もちろん、この様な状況は韓国の憲法上の規定から生まれるものだから、歴代政権においても見られなかった訳ではない。その様な場合に歴代大統領が用いて来たのは、就任から早い段階での自らの高い支持率を利用して、国会にて抵抗する野党に対して「(大統領への支持を見せる)国民の意志に反して行動している」というレッテルを貼り、国政停滞の責任を押し付けることである。
こうして野党を抑えつけるとともに、その支持率を低下させ、来るべき国会議員選挙における与党勝利の基盤を作る、という訳である。
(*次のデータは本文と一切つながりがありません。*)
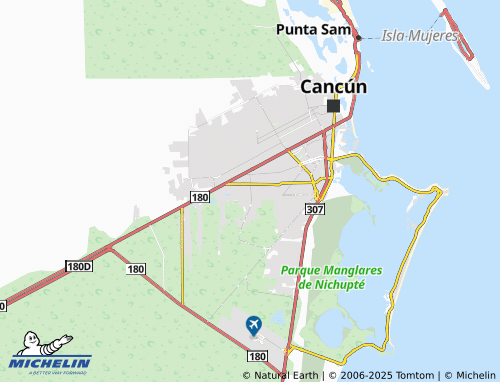 MICHELIN Enrique Rangel Meléndez map - ViaMichelin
とはいえ、尹にはそれも難しい。大統領選挙での彼の勝利は得票率差にして僅か0.7%という薄氷のものであり、現与党支持者の忌避感は強い。大統領選挙での出口調査によれば、有権者の多くは投票先を選んだ理由として、「投票した候補者への支持」よりも「投票しなかった候補者への嫌悪」を選んでおり、現与党への支持者がそう簡単に尹支持へと移るとは思えない。
尹自身も当選後、現与党や文政権への歩み寄りはなく対決姿勢を強めており、進歩派と保守派に大きく二分されるこの国で新大統領を中心とする「国民和解」への兆しは見られない。
だが、それなら尹に希望は全くないか、と言えばそうではない。
大統領選挙と国会議員選挙のタイミングがずれているこの国では、地方選挙のタイミングもまたずれているからである。
日本とは異なり、仮に首長や議員が欠けて補欠選挙が行われた場合にも、その選挙で選ばれた新首長や議員の任期を前任者の残任期間とする事が定められているこの国では、4年に1回大規模な、文字通りの「全国地方同時選挙」が行われる。
そして、そのタイミングもまた、民主化を経て地方自治がこの国に再導入された時の地方自治選挙、より正確には日本の都道府県や政令指定都市に当たる「広域自治体」の議会選挙が、たまたま1991年6月に行われたことを起点としている。
そこから4年に1度、ソウルや京畿道といった巨大自治体を含めた全ての知事・市長・地方議会選挙が一斉に行われる。辞職や欠員による任期の変更がない以上、そのタイミングが変わることはない。だからこそ、「全国地方同時選挙」もまた国会議員選挙と同じく、任期の異なる大統領選挙との間で接近と離合を繰り返す事になる。
つまり、「全国地方同時選挙」は大統領選挙や国会議員選挙と並ぶ「全国選挙」であり、その勝敗によって各党派は自らへの国民の支持の大小を測り、相手側に誇ることができる。